Stocks could close out the dog days of summer on a positive note, especially if NAFTA trade talks go well. The upcoming week could be a very slow one for stocks, but there is still some important data for markets to consider, particularly on the consumer. Consumer confidence is Tuesday; personal income and spending Thursday, along with PCE inflation, and on Friday, there's consumer sentiment. Advanced economic indicators are also on Tuesday.

A number of earnings reports are expected as the quarterly reporting season winds down, with a number of retailers like Tiffany, Dick's Sporting Goods, Dollar General, Best Buy and Ulta Beauty releasing results.

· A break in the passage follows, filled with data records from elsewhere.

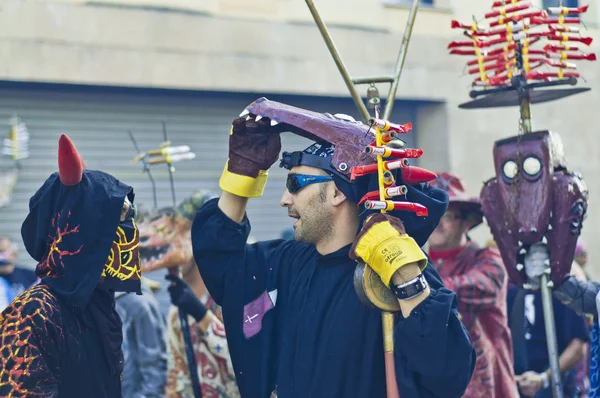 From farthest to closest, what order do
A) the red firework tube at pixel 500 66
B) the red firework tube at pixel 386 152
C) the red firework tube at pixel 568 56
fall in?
1. the red firework tube at pixel 500 66
2. the red firework tube at pixel 568 56
3. the red firework tube at pixel 386 152

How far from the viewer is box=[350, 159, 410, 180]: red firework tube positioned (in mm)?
3326

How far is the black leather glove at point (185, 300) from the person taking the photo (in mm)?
5547

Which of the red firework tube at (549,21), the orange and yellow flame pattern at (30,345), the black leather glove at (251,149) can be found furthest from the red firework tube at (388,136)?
the red firework tube at (549,21)

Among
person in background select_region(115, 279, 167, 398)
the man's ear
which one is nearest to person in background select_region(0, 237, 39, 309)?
person in background select_region(115, 279, 167, 398)

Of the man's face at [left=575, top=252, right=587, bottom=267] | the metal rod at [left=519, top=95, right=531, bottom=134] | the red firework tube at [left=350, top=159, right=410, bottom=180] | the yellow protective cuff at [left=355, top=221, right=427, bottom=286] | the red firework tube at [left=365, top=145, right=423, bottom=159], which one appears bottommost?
the man's face at [left=575, top=252, right=587, bottom=267]

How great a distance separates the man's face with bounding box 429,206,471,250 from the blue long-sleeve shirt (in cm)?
211

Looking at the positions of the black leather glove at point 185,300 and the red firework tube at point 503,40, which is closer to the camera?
the red firework tube at point 503,40

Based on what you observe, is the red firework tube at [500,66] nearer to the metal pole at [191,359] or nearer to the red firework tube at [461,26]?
the red firework tube at [461,26]

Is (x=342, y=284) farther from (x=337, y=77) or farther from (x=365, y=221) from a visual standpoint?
(x=337, y=77)

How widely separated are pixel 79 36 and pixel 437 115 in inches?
165

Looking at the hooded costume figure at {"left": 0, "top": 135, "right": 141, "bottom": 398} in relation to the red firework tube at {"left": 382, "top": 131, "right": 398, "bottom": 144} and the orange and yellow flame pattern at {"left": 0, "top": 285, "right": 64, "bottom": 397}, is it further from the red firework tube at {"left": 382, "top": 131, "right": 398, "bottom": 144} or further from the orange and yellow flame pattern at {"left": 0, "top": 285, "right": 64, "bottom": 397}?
the red firework tube at {"left": 382, "top": 131, "right": 398, "bottom": 144}

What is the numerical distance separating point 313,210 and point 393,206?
0.45 m

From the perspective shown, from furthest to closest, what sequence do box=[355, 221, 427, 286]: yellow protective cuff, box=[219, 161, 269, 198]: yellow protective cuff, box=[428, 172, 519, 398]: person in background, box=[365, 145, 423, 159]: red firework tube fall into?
box=[428, 172, 519, 398]: person in background
box=[219, 161, 269, 198]: yellow protective cuff
box=[365, 145, 423, 159]: red firework tube
box=[355, 221, 427, 286]: yellow protective cuff

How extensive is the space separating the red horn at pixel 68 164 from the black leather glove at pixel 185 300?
73.0 inches
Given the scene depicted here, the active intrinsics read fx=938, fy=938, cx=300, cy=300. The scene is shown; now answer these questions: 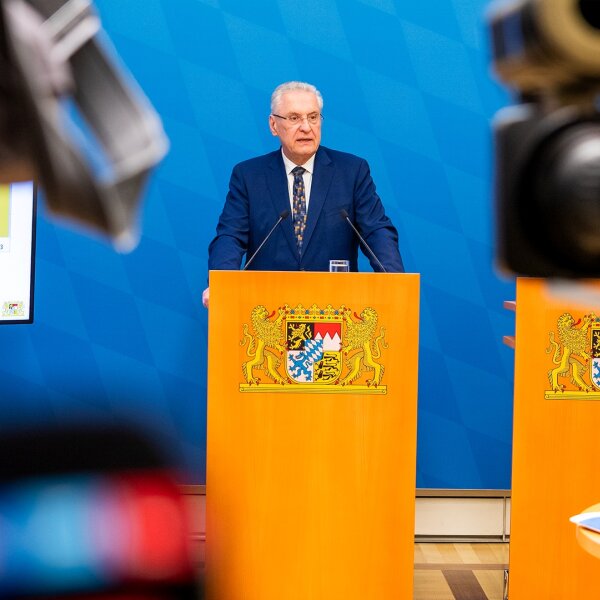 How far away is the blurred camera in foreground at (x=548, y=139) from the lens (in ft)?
1.44

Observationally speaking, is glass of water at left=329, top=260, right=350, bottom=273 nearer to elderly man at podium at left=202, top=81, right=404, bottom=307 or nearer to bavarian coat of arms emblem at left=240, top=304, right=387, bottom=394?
bavarian coat of arms emblem at left=240, top=304, right=387, bottom=394

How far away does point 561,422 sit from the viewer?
2.93 meters

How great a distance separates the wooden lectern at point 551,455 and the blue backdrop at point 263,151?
1286 mm

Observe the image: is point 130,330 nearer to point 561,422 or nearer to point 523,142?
point 561,422

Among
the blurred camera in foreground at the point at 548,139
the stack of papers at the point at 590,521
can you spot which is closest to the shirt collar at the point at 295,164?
the stack of papers at the point at 590,521

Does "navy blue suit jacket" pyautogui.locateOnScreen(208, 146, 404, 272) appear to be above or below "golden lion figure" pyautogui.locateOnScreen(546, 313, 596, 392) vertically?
above

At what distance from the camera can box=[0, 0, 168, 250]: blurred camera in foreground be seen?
1.24 feet

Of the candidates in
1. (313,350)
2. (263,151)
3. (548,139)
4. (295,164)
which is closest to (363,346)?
(313,350)

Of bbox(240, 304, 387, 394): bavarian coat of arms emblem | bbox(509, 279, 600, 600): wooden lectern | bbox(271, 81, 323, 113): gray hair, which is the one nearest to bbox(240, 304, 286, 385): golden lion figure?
bbox(240, 304, 387, 394): bavarian coat of arms emblem

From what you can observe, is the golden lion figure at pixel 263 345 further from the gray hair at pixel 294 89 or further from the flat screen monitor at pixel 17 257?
the gray hair at pixel 294 89

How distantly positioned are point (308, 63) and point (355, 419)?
2003 millimetres

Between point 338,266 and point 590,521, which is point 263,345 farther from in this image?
point 590,521

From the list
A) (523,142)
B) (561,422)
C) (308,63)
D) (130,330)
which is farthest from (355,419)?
(523,142)

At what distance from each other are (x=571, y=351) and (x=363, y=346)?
2.27 feet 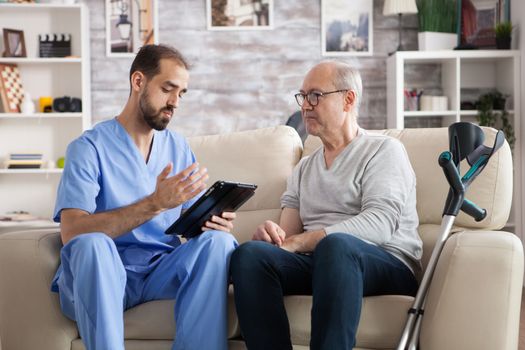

Stocks closed out the past week with S&P 500 at a record high, its first since January and its 15th closing high of the year. The S&P 500 ended Friday at 2,874, up 0.9 percent for the week. The Nasdaq was also at a high of 7,945, for a gain of 1.7 percent for the week. The Dow was at 25,790, up 0.5 percent and still 3.1 percent away for its all-time high. Whether there are more new highs before the end of August and the Labor Day weekend could depend on the economic data and the trade talks, strategists say. "Certainly, if there is a deal on NAFTA, that is market positive and then there's a complete focus on China. I think the market understands that the longer, deeper negotiations are going to take more time. The issues are far more complex. I think if they could come up and deliver a NAFTA deal that would be a market positive," said Quincy Krosby, chief market strategist at Prudential Financial. U.S. and Mexican trade officials are believed to be close to an agreement and were planning to work over the weekend to find an agreement on bilateral issues, which would pave the way to bring Canada back into negotiations on a revised North American Free Trade Agreement. All three governments are hoping for a Aug. 30 deadline. Strategists say they are watching for signs that China and the U.S. would be willing to restart negotiations after uneventful talks in the past week between mid-level officials in Washington.

The important U.S. data in the week ahead could be the PCE inflation data, closely watched by the Fed. On Friday, Fed Chair Jerome Powell said the Fed does not expect inflation to get much higher than its target of 2 percent. That and Powell's other dovish comments helped the stock market rally and pushed bond yields lower. "The chairman assuaged fears that the Fed is going to be more aggressive in the rate hiking cycle," said Krosby. Art Hogan, chief market strategist at B. Riley FBR, said the week could be the slowest of the year in terms of trading volumes. "I would be willing to bet it's the slowest week we have in terms of average daily volumes. History is your guide," he said.

The coming week also includes month end trading ahead of September. Statistically, September is the worst month of the year for stocks. "This year we didn't have 'go away in May' and therefore it could surprise but most likely it could be choppy because you have the mid-term elections," said Krosby.